No Template :: There is no template for raising up leaders – different things work for different people. Sometimes great things happen without us doing very much, other times it is a slog, no matter what techniques or methods we employ to get anything to happen! That is just life. We need to be consistent in life when stuff is going well and when it isn’t. What works in one place might not work in another.
However, while there might not be a “template” there are some steps as we raise people up:
I do it – yes you do it, make sure you really know how to do what it is you are going to raise someone else up in – if you don’t, get someone else to do the raising up.
I do it and you watch – get the person who you are investing in to watch you when you do it (lead a small group, take an assembly . . . etc) – de-brief after, make sure to highlight the things you could have done better, hadn’t thought about, don’t just say, “that is how to do it – watch and learn matey, watch and learn!”
You do it and I watch – get them to do it, while you watch (or do it together as an interim) then de-brief, focusing on the positive whilst gently mentioning the stuff that needs work.
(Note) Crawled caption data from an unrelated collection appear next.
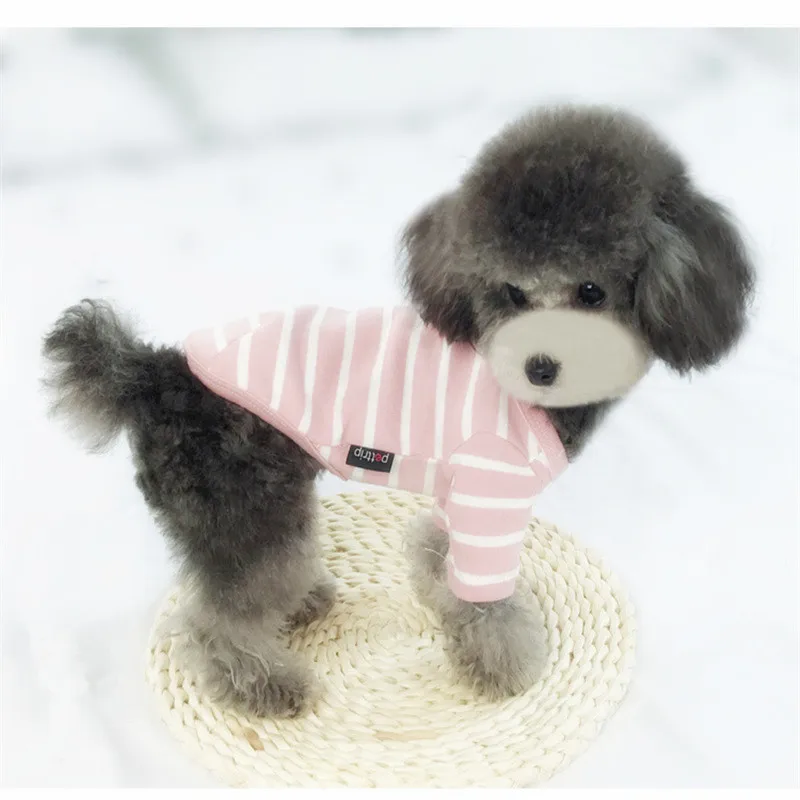 Ropa para perros, camiseta de verano a rayas, sección delgada para mayor comodidad, oso de peluche, ropa para perros pequeños, elegante y Linda - imagen 3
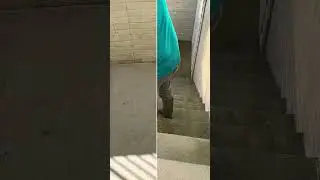 Extra clean exterior basement staircase🤢 #pressurewashing #powerwashing #softwashing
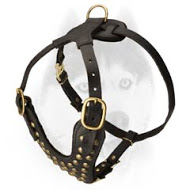 Stylish looking studded Siberian Husky harness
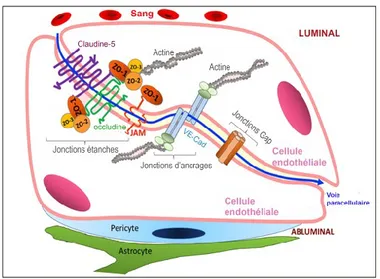 Figure  1.9.  Principaux  complexes  de  jonction  contrôlant  la  perméabilité  de  la  BHR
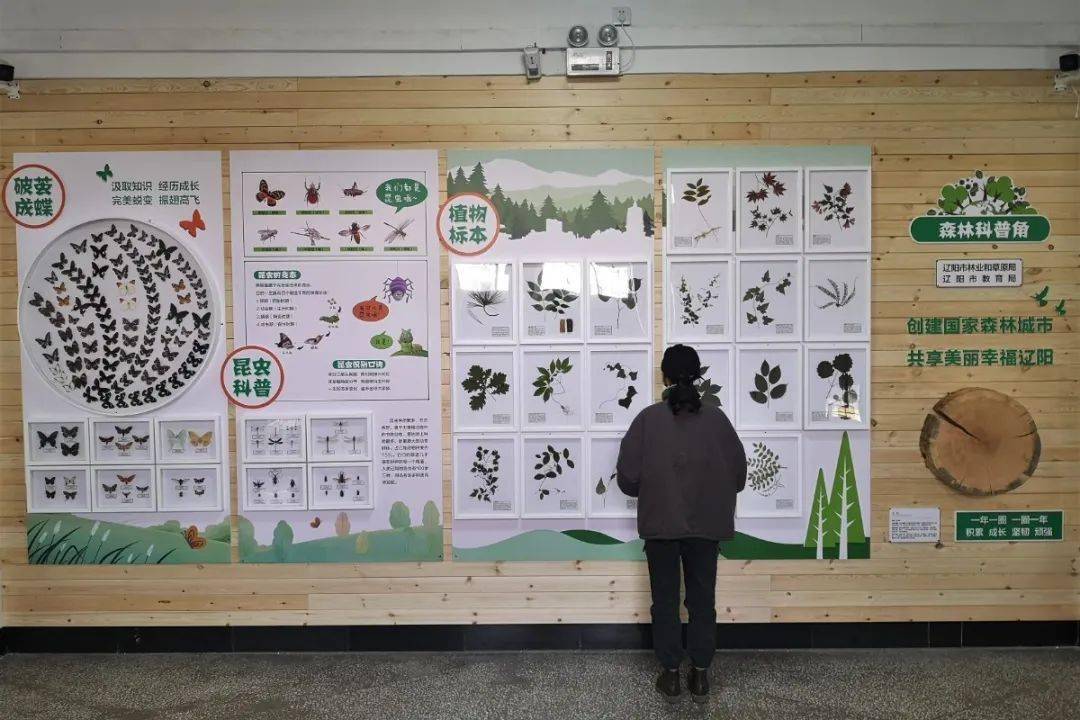 资讯森林科普角校园大课堂走进辽阳市中小学森林生态科普角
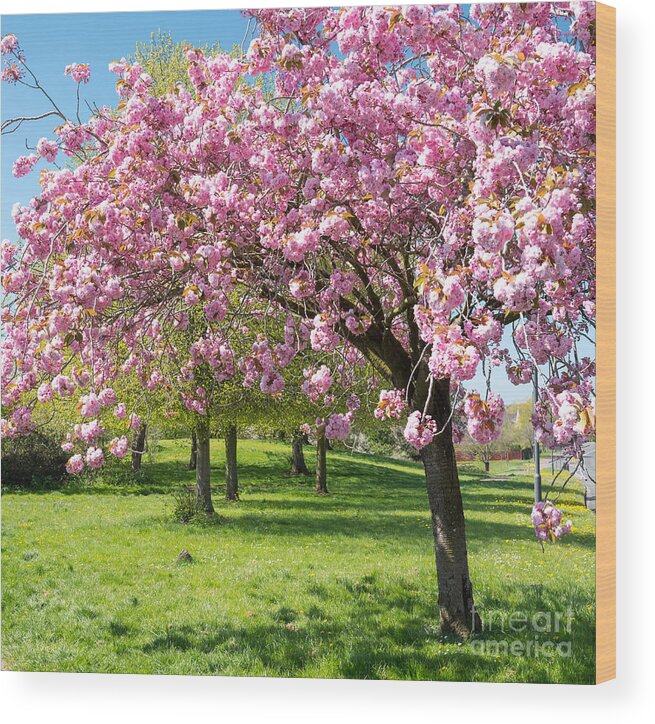 Color Wood Print featuring the photograph Cherry blossom tree #2 by Colin Rayner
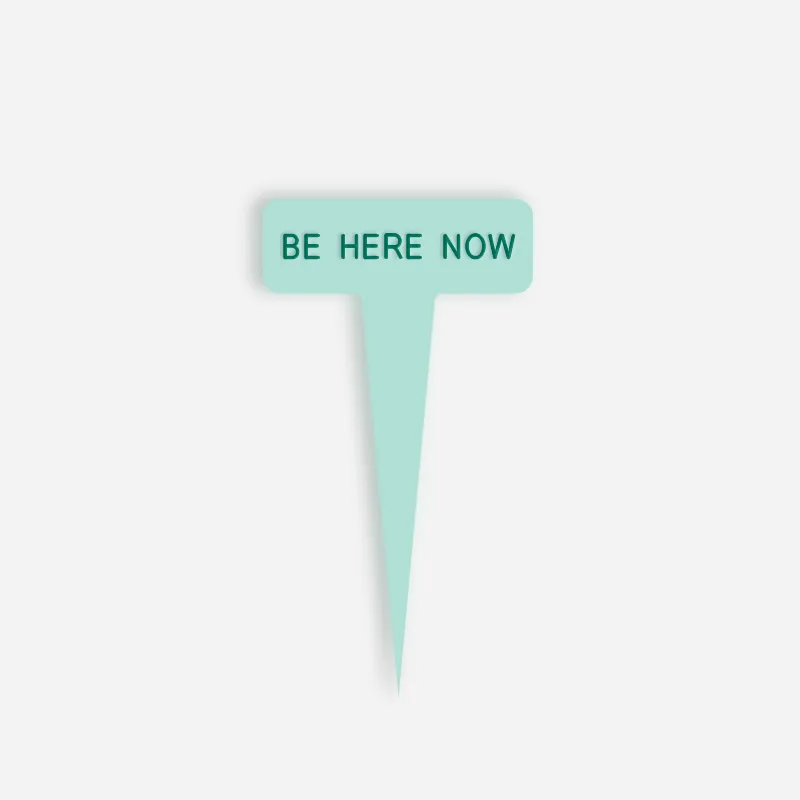 BE HERE NOW Small Caption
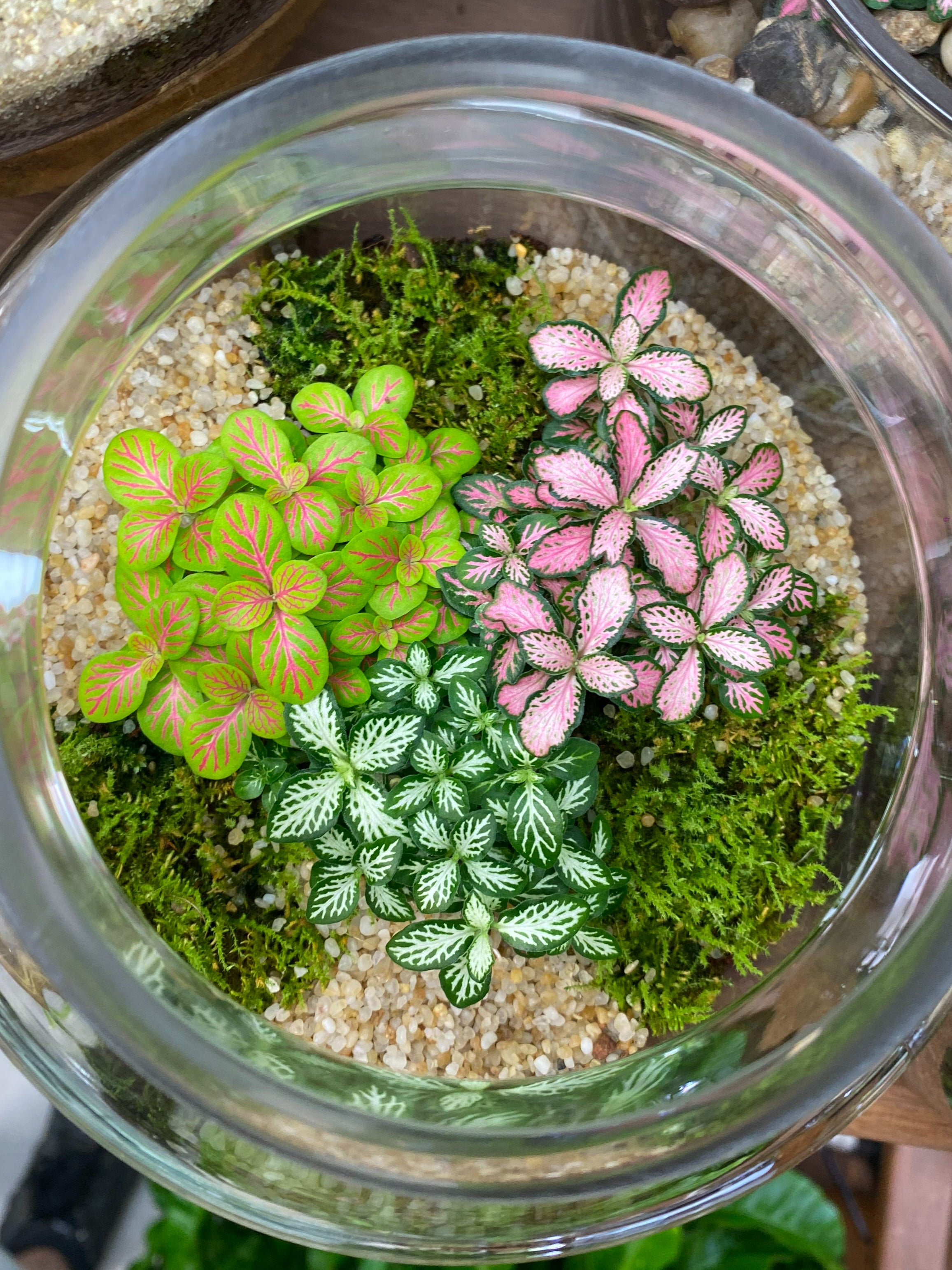 How to look after your Terrarium | Foliage Plant Studio
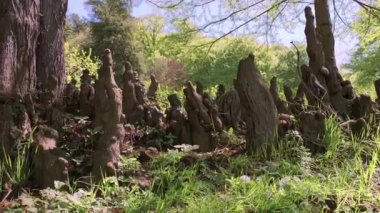 Eşsiz Ağaç Kökleri olan Kel Kuğu Ağacı. Ağaçların arasından süzülen güneş ışığıyla Sakin Orman Sahnesi. Doğa temalı tasarımlar ve çevresel farkındalık kampanyaları için mükemmel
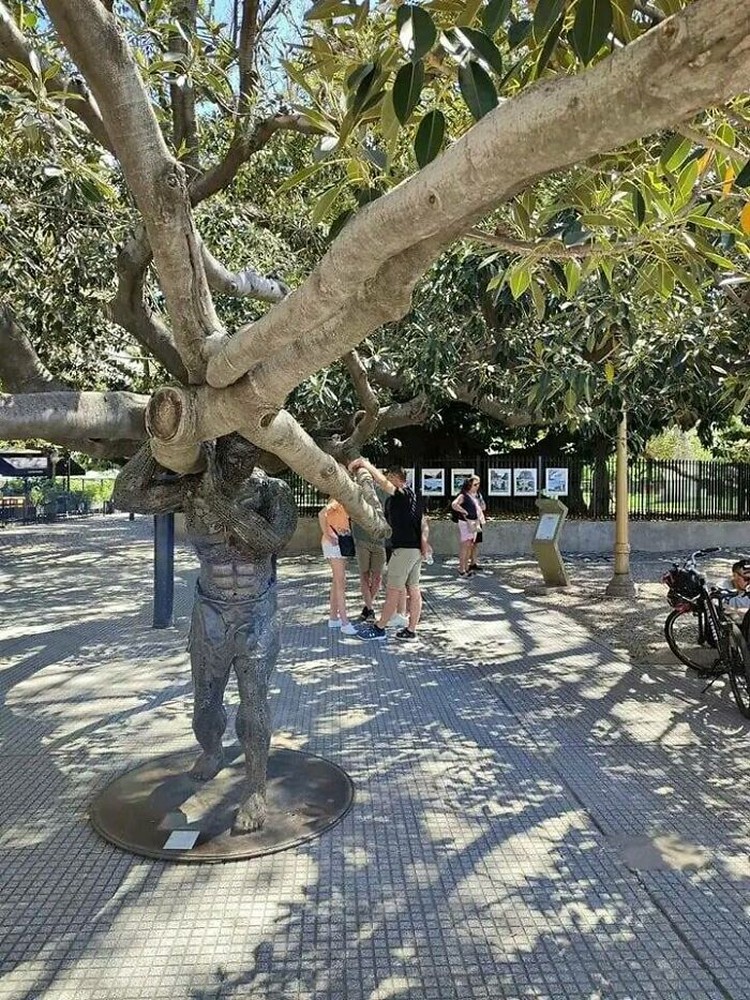 Foto Momen Menakjubkan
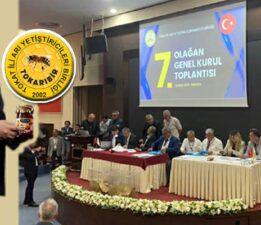 TAB’nın yeni genel başkanı “Tokatlı Ali Demir”
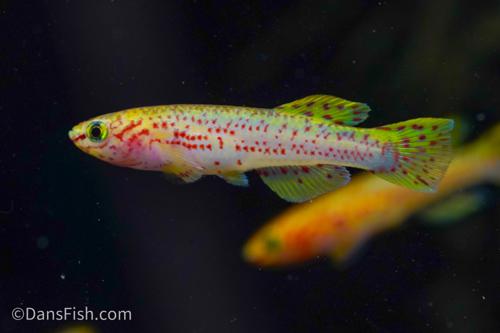 Fundulopanchax gardneri 'Gold'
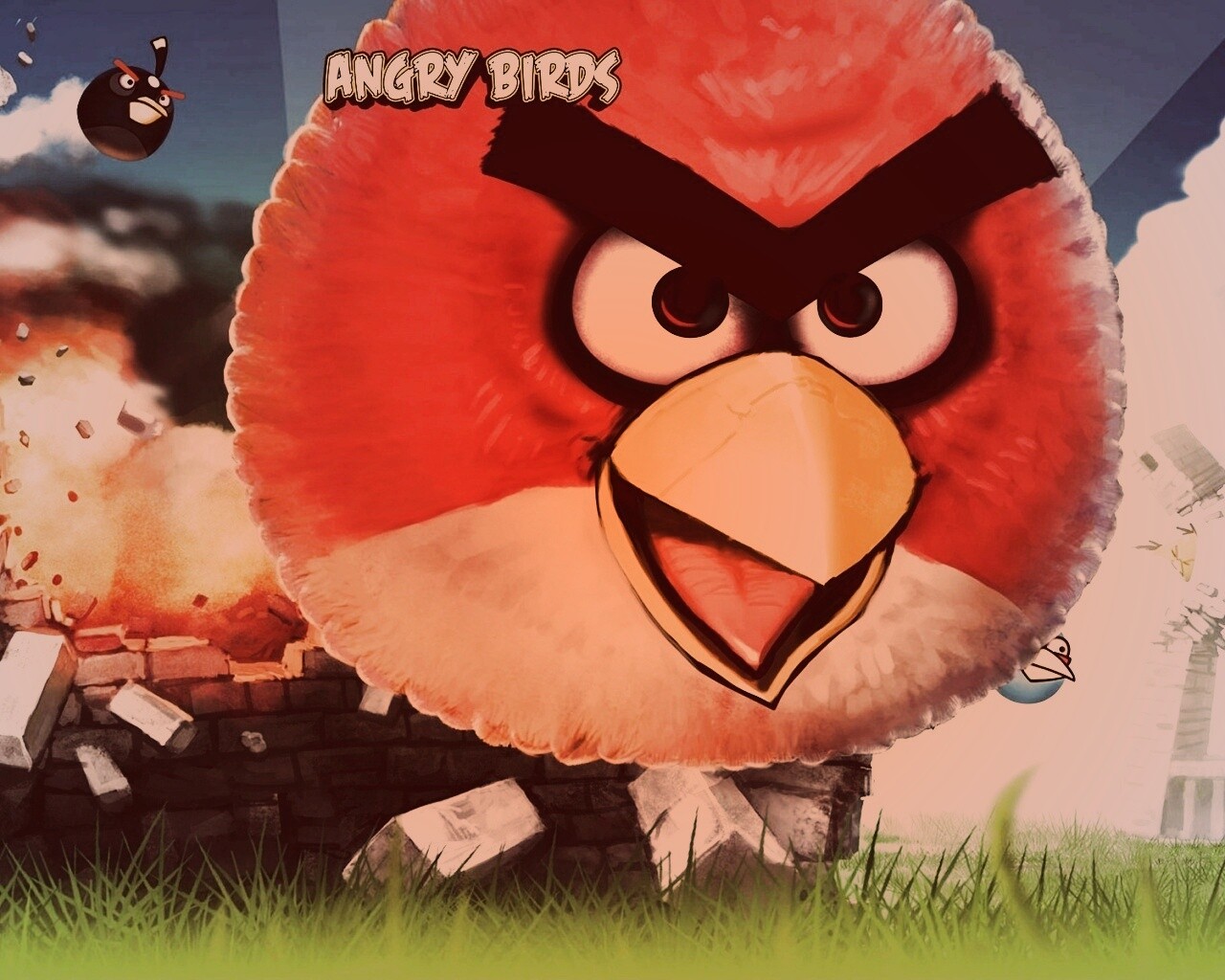 Angry Birds обои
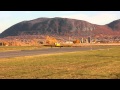 HD Beautiful Hummelbird Bouncy Landing CSB3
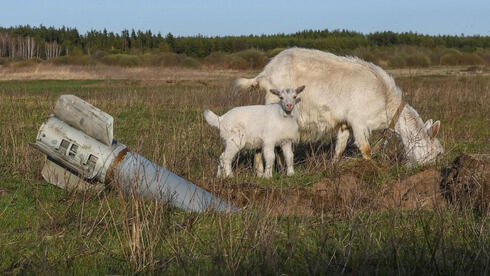 אף כבשה לא נפגעה בכתיבת טור זה, צילום: רויטרס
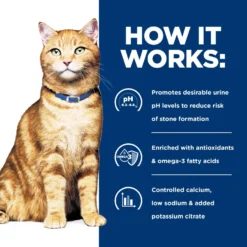 Hill's Prescription Diet C/d Multicare Urinary Care With Ocean Fish Wet Cat Food -Furry Feast 69857 PT5. AC SS1800 V1651242726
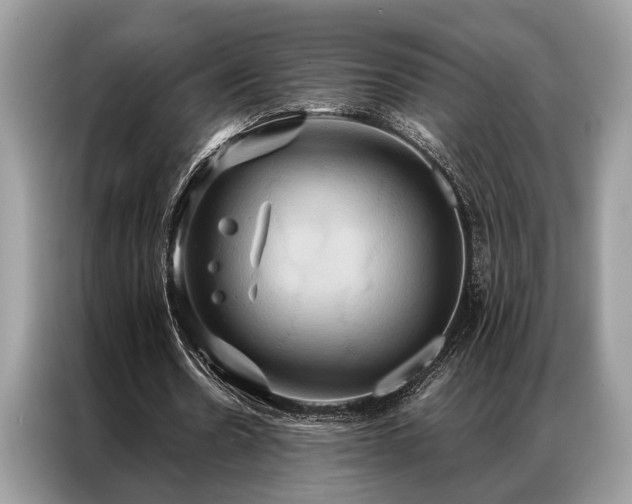 X0000087350530200704271421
You do it and someone else watches – the whole process can end with your input to someone unless you pass on this crucial message. When they have honed something and become really good at it – who are they going to raise up? Continue to create a culture of raising leaders by making sure the leaders you raise up do the same thing.
And Finally – The key thing to remember, especially in our current culture, is to be in the business of raising others up long term. Don’t experiment with peoples lives – seriously invest, seriously pray, as we gain perspective that looks across years rather than weeks we start to ask the question, “where will those I am working with now be in a decade” – we might even get a glimpse of what God has in store, and nothing is more exciting than seeing something take root in another person’s life and God begin to grow it, nurture it, and use that person – as you step back and let them lead – it will thrill you!